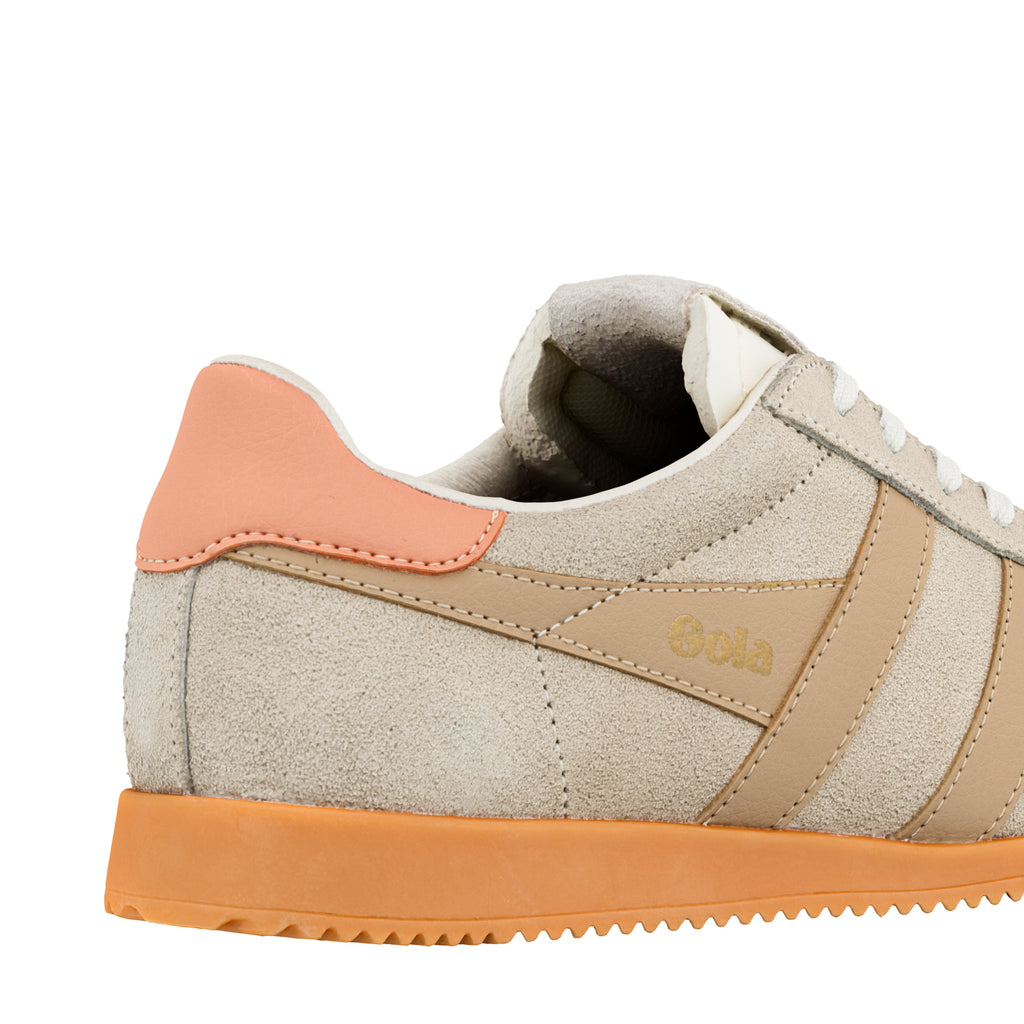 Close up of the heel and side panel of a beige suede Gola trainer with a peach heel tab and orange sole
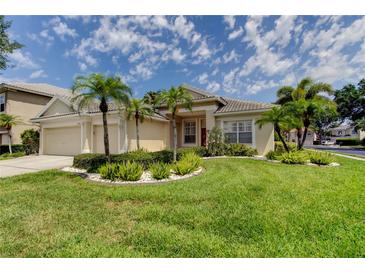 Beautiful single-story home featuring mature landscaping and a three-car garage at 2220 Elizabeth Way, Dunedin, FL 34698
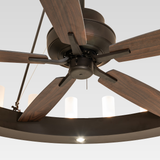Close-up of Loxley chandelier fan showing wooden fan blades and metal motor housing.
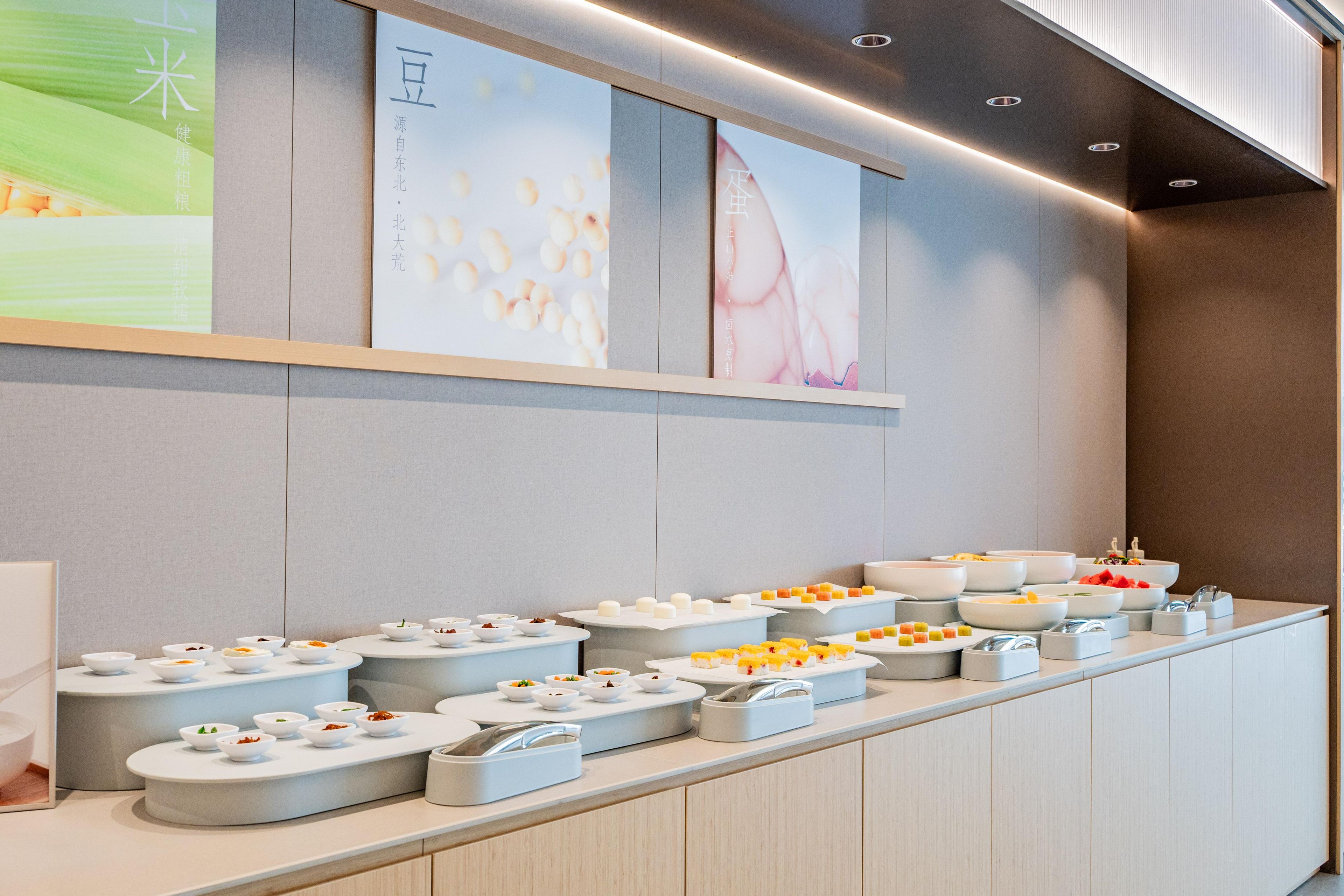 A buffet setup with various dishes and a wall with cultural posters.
########################################
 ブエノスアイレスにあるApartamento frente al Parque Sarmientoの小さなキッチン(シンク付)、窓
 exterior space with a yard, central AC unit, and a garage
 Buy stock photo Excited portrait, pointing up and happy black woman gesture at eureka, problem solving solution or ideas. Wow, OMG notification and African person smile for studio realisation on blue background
########################################
* [What the task asks]:
Produce a word-for-word copy of everything above from the line holding "exterior space with" down to the line holding "Buy stock photo", with both of those lines kept.

* [Answer below]:
 exterior space with a yard, central AC unit, and a garage
 Buy stock photo Excited portrait, pointing up and happy black woman gesture at eureka, problem solving solution or ideas. Wow, OMG notification and African person smile for studio realisation on blue background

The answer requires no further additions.